* WHAT TO WORK ON
Below are records; reproduce exactly the lines from the first through the one containing "MRO-F6Cがおすすめの人".

Stored items from a collection:
● ● ● ●
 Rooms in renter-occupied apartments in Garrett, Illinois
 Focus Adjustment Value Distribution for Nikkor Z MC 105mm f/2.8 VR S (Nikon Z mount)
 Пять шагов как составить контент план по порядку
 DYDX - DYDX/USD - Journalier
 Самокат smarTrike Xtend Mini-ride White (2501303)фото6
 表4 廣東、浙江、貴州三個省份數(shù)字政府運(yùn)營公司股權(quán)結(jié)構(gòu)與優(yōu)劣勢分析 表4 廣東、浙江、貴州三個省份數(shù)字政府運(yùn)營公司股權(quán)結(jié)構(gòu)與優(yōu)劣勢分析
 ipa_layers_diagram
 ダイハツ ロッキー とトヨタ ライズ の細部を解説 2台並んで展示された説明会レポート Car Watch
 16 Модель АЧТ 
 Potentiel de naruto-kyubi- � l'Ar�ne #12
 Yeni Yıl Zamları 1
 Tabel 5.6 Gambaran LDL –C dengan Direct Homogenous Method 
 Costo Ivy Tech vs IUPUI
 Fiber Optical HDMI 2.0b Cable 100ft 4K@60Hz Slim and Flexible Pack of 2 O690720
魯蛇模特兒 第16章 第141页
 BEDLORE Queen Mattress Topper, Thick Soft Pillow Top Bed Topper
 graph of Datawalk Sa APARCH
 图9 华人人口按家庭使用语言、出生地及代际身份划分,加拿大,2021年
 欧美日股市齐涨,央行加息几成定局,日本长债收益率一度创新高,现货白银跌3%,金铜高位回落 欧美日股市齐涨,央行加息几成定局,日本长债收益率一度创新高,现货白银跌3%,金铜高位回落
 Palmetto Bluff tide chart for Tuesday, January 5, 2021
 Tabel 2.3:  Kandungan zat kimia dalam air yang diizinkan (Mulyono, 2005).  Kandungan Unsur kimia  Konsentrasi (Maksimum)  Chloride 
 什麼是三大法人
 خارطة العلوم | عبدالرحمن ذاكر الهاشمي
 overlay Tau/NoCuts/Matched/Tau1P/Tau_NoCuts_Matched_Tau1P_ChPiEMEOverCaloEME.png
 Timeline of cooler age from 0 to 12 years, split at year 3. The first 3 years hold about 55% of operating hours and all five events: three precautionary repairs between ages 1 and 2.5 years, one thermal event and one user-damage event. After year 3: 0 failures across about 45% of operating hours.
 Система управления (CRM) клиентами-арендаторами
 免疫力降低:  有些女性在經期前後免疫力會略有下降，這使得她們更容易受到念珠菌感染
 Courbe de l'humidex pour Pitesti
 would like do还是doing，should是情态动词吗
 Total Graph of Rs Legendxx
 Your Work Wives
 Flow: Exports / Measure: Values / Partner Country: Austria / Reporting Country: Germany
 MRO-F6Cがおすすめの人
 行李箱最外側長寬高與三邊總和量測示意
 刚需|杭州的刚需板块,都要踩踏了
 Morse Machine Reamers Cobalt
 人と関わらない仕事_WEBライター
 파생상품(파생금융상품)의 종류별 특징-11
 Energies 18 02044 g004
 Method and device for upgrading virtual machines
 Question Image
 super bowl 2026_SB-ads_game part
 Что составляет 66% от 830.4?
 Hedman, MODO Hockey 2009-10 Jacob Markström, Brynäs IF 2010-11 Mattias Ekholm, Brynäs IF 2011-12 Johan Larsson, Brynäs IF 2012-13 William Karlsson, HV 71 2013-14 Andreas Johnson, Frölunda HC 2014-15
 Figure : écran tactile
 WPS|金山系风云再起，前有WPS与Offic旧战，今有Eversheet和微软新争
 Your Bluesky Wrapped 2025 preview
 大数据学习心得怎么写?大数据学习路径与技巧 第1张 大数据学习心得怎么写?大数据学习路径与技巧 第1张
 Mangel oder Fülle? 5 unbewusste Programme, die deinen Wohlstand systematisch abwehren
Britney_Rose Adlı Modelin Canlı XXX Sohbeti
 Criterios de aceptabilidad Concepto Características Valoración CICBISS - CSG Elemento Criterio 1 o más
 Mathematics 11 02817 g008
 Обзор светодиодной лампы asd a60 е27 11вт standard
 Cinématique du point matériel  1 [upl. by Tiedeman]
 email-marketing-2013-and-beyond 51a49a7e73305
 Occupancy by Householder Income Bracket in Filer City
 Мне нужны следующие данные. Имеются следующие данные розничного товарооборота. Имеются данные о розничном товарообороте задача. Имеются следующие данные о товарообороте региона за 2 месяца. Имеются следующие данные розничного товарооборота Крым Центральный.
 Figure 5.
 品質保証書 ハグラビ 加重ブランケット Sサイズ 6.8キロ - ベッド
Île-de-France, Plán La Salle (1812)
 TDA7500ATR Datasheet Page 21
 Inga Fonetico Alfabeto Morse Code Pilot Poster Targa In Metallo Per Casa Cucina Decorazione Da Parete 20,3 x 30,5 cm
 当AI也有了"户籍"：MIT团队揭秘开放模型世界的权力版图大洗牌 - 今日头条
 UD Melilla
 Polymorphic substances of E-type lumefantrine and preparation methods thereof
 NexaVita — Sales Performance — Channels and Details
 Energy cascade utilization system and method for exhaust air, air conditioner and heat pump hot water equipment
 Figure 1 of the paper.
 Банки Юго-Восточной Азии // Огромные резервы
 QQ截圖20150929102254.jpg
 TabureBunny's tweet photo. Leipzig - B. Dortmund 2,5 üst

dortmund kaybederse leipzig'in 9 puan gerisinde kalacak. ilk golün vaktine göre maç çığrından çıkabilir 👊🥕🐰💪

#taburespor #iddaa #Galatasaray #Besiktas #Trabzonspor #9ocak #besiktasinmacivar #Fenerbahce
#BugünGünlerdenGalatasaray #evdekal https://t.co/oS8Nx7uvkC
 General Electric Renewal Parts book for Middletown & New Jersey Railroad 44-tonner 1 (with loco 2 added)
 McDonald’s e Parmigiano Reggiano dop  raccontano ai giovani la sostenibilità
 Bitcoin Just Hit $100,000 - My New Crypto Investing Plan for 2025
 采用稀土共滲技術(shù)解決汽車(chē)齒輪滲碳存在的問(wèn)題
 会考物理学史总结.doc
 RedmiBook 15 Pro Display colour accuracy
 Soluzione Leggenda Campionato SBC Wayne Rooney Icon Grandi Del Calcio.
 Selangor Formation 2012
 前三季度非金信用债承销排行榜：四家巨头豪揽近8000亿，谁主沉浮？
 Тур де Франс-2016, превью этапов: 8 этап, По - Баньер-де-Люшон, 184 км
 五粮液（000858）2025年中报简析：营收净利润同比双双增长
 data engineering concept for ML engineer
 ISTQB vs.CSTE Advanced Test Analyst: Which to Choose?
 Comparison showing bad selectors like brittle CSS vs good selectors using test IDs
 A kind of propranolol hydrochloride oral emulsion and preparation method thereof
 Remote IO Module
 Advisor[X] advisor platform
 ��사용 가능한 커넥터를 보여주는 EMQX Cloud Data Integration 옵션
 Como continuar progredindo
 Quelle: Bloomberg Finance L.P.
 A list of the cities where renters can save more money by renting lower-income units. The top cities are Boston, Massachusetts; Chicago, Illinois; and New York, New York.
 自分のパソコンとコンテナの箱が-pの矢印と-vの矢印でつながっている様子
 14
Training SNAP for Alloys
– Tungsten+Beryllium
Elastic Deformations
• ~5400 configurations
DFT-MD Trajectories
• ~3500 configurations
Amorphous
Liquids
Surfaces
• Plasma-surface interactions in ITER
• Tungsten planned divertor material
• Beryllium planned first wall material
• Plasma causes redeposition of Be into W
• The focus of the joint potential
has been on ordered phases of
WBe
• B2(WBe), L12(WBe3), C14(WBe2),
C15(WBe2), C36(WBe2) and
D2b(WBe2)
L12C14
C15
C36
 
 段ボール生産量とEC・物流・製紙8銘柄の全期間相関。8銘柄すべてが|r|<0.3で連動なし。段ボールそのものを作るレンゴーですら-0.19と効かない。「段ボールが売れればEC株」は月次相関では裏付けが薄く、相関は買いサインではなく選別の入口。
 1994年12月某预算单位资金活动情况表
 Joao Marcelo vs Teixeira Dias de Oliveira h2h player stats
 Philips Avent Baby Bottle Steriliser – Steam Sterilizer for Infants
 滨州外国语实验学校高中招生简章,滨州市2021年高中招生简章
● ● ● ●
* REPLY
 Rooms in renter-occupied apartments in Garrett, Illinois
 Focus Adjustment Value Distribution for Nikkor Z MC 105mm f/2.8 VR S (Nikon Z mount)
 Пять шагов как составить контент план по порядку
 DYDX - DYDX/USD - Journalier
 Самокат smarTrike Xtend Mini-ride White (2501303)фото6
 表4 廣東、浙江、貴州三個省份數(shù)字政府運(yùn)營公司股權(quán)結(jié)構(gòu)與優(yōu)劣勢分析 表4 廣東、浙江、貴州三個省份數(shù)字政府運(yùn)營公司股權(quán)結(jié)構(gòu)與優(yōu)劣勢分析
 ipa_layers_diagram
 ダイハツ ロッキー とトヨタ ライズ の細部を解説 2台並んで展示された説明会レポート Car Watch
 16 Модель АЧТ 
 Potentiel de naruto-kyubi- � l'Ar�ne #12
 Yeni Yıl Zamları 1
 Tabel 5.6 Gambaran LDL –C dengan Direct Homogenous Method 
 Costo Ivy Tech vs IUPUI
 Fiber Optical HDMI 2.0b Cable 100ft 4K@60Hz Slim and Flexible Pack of 2 O690720
魯蛇模特兒 第16章 第141页
 BEDLORE Queen Mattress Topper, Thick Soft Pillow Top Bed Topper
 graph of Datawalk Sa APARCH
 图9 华人人口按家庭使用语言、出生地及代际身份划分,加拿大,2021年
 欧美日股市齐涨,央行加息几成定局,日本长债收益率一度创新高,现货白银跌3%,金铜高位回落 欧美日股市齐涨,央行加息几成定局,日本长债收益率一度创新高,现货白银跌3%,金铜高位回落
 Palmetto Bluff tide chart for Tuesday, January 5, 2021
 Tabel 2.3:  Kandungan zat kimia dalam air yang diizinkan (Mulyono, 2005).  Kandungan Unsur kimia  Konsentrasi (Maksimum)  Chloride 
 什麼是三大法人
 خارطة العلوم | عبدالرحمن ذاكر الهاشمي
 overlay Tau/NoCuts/Matched/Tau1P/Tau_NoCuts_Matched_Tau1P_ChPiEMEOverCaloEME.png
 Timeline of cooler age from 0 to 12 years, split at year 3. The first 3 years hold about 55% of operating hours and all five events: three precautionary repairs between ages 1 and 2.5 years, one thermal event and one user-damage event. After year 3: 0 failures across about 45% of operating hours.
 Система управления (CRM) клиентами-арендаторами
 免疫力降低:  有些女性在經期前後免疫力會略有下降，這使得她們更容易受到念珠菌感染
 Courbe de l'humidex pour Pitesti
 would like do还是doing，should是情态动词吗
 Total Graph of Rs Legendxx
 Your Work Wives
 Flow: Exports / Measure: Values / Partner Country: Austria / Reporting Country: Germany
 MRO-F6Cがおすすめの人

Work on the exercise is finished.